WHAT TO PRODUCE: Without copying any picture, transcribe exactly the lines of the data below from the one containing "Ford Transit Custom" through the one containing "What is beige T-shirt".
___ DATA RECORDS
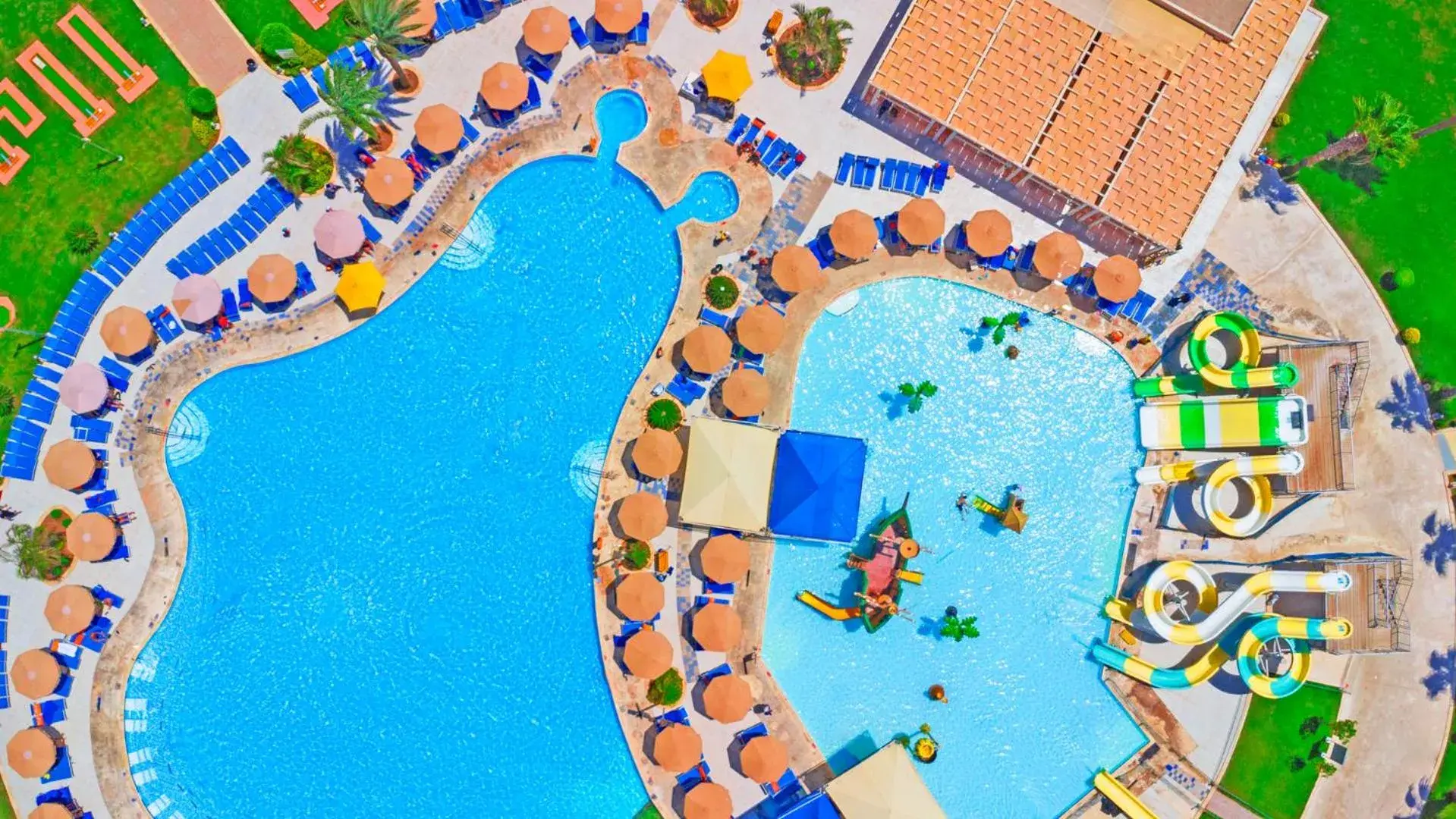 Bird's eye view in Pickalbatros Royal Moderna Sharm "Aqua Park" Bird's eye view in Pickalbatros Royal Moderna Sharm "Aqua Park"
______
___ DATA RECORDS
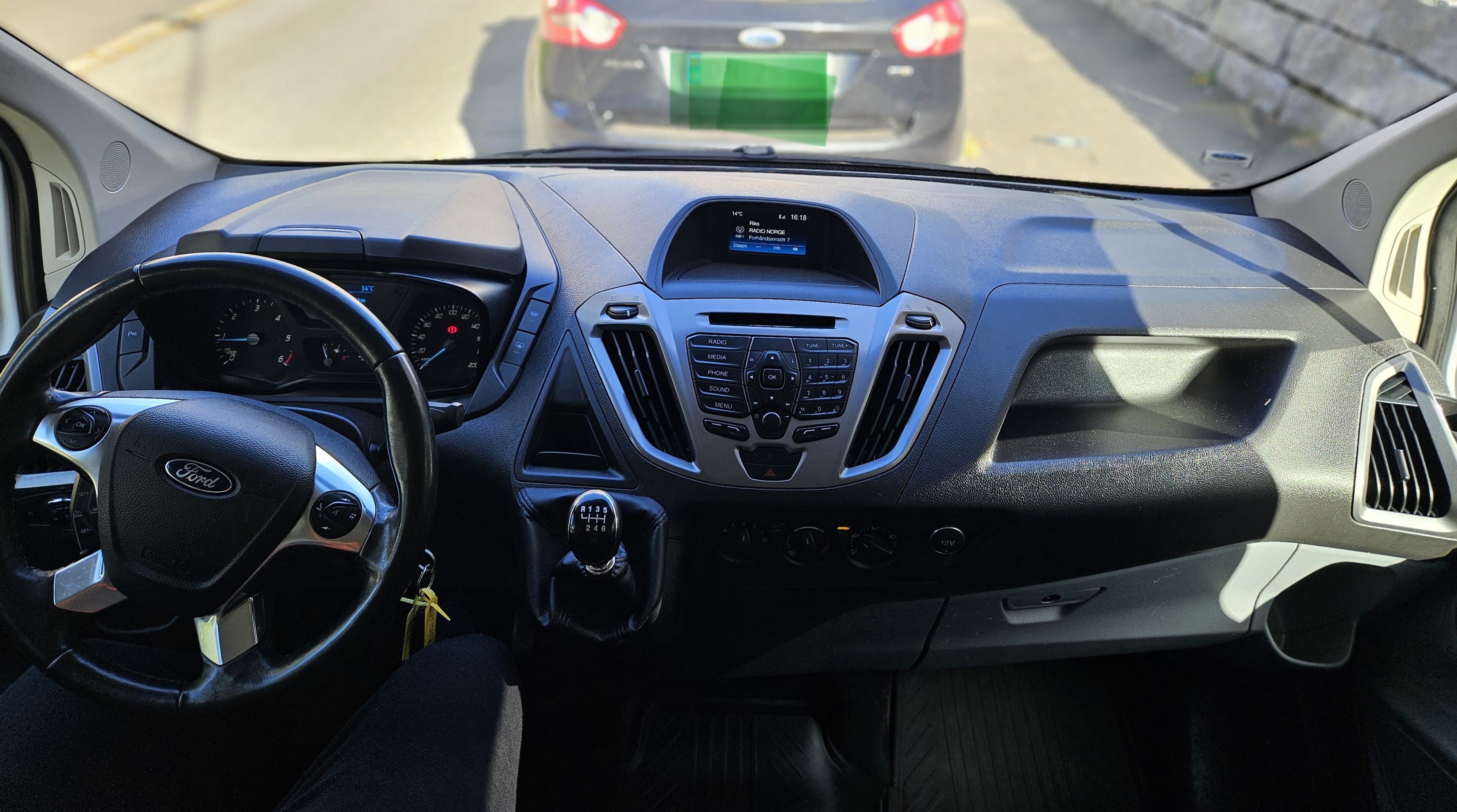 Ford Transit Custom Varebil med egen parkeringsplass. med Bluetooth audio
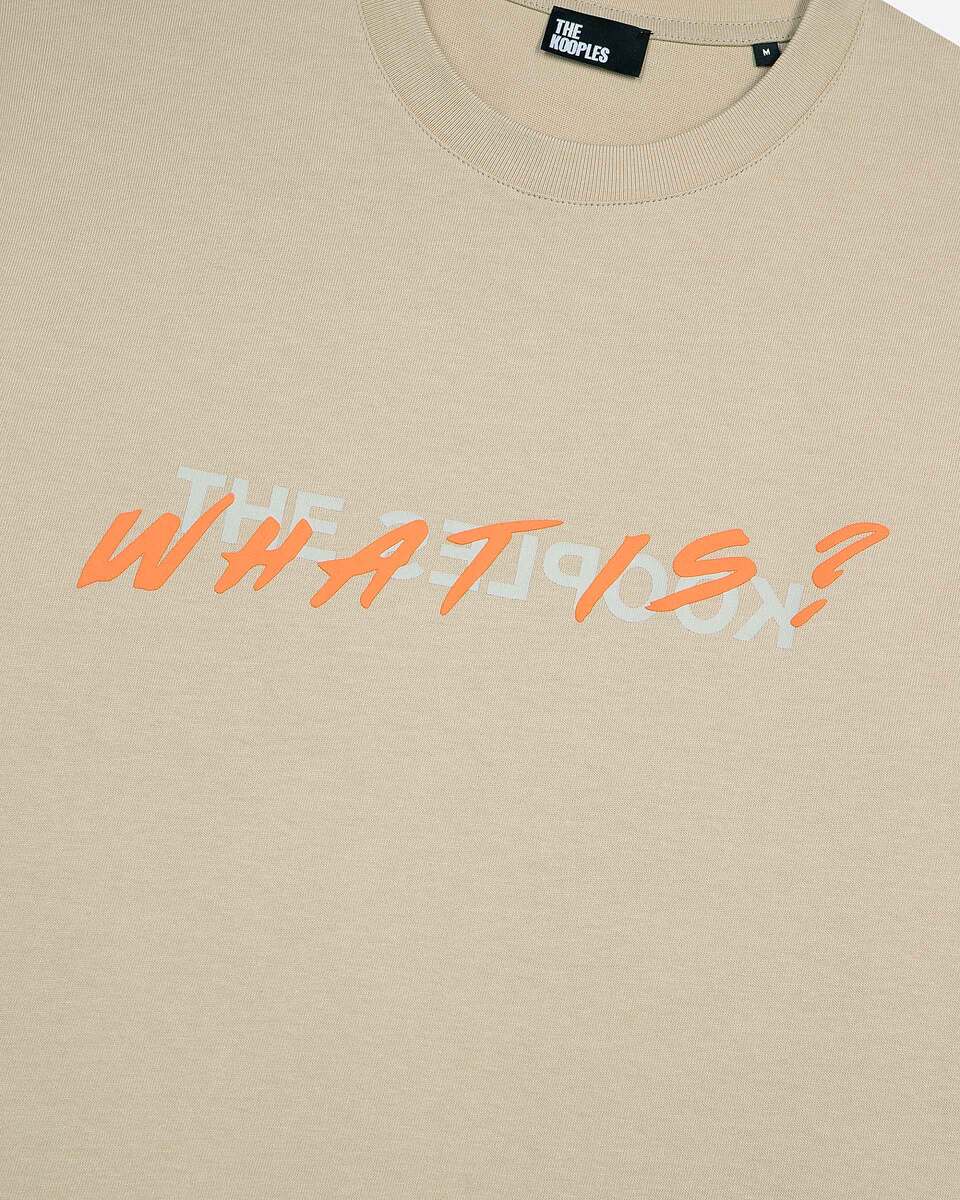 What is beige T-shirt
______
RESULT FOR THIS TASK:
 Ford Transit Custom Varebil med egen parkeringsplass. med Bluetooth audio
 What is beige T-shirt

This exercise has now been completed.